Logical OR: the second operand is not evaluated (6.5.14.4), but the compiler generates warning: violation of the standard?

Question

ISO/IEC 9899:202x (E) working draft — February 5, 2020 C17..C2x N2479:

6.5.14 Logical OR operator:

4. If the first operand compares unequal to 0, the second operand is not evaluated.

Context: There is one C compiler, which generates warning condition is always true / false for expressions involving logical operators.
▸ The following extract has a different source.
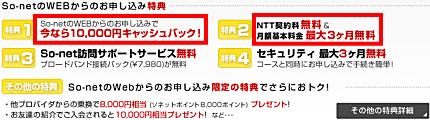 【本ページ入会限定】現金10,000円キャッシュバック!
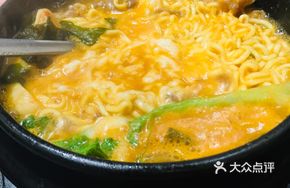 Cheese Beef Ramen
For example, if in expression a || b variable b is unequal to 0, then the compiler generates condition is always true (mentioning the position of b in the source code).
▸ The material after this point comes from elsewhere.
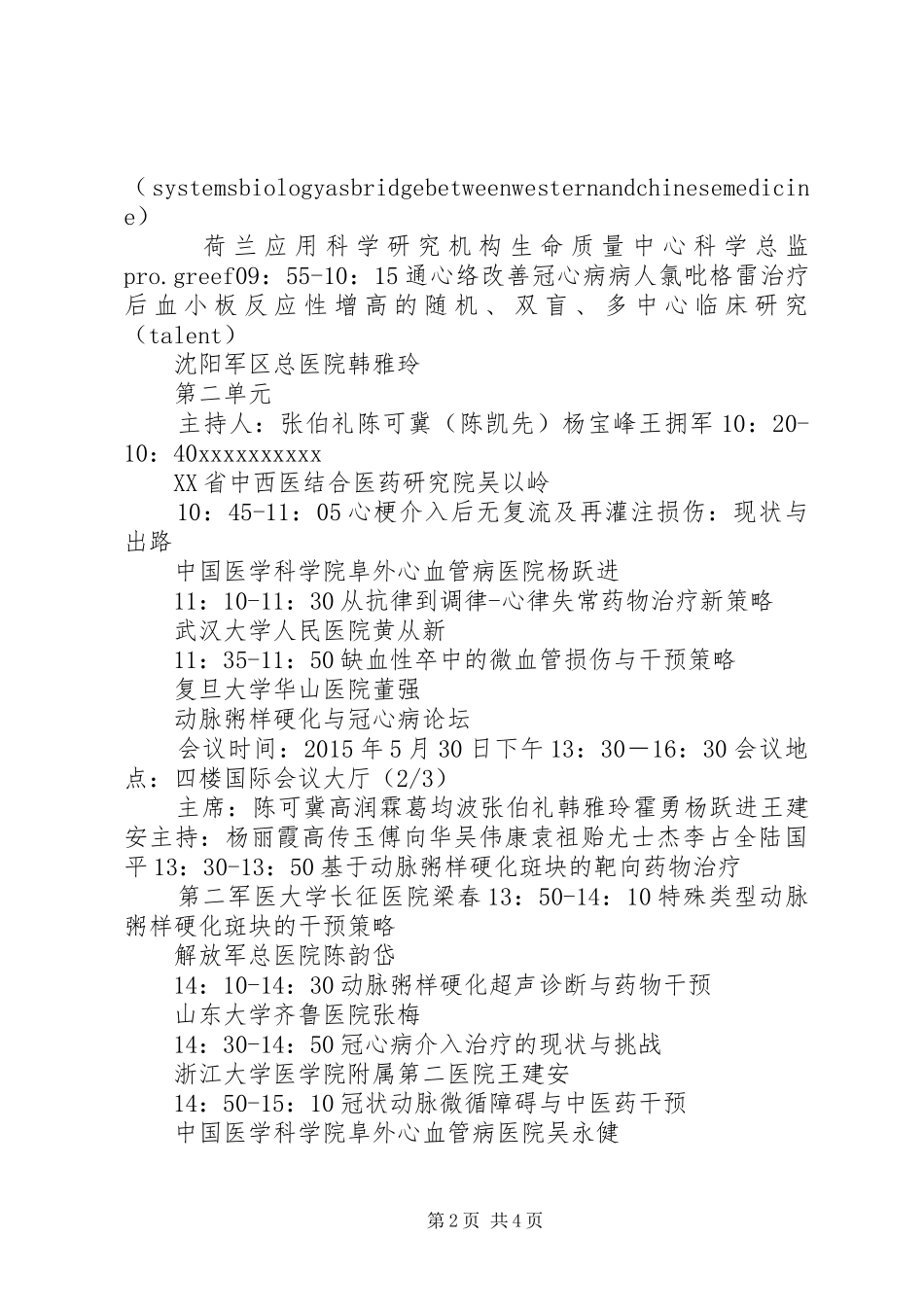 络病学心得体会_第2页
Question: Can the fact of generation of such a warnings be interpreted as a violation of 6.5.14.4? Please, provide explanation / argumentation / references.

Note: gcc / clang / cl (configured with the highest warning level) does not generate any warnings for the example above.

UPD. MRE:

int main(void)
{
    int c1 = 1, c2 = 1, r = 0;
    if ( c1 || c2 ) { r = 1; }
    return r;
}
$ cc x.c
x.c:4:10: warning: condition is always true
x.c:4:16: warning: condition is always true

Answer 1

While one might argue the only way the compiler could have known the value of the second operand of || was to have evaluated it, and this violates the prohibition on evaluation in C 2018 6.5.14 4 (“… If the first operand of an || compares unequal to 0, the second operand is not evaluated”) if the first operand compares unequal to 0, it is understood that “evaluation” refers to evaluations made during program execution, not translation. The C conceptual models described in C 2018 5.1 separate translation and execution. 6.5.14 4 is a prohibition on evaluation during program execution, not during translation.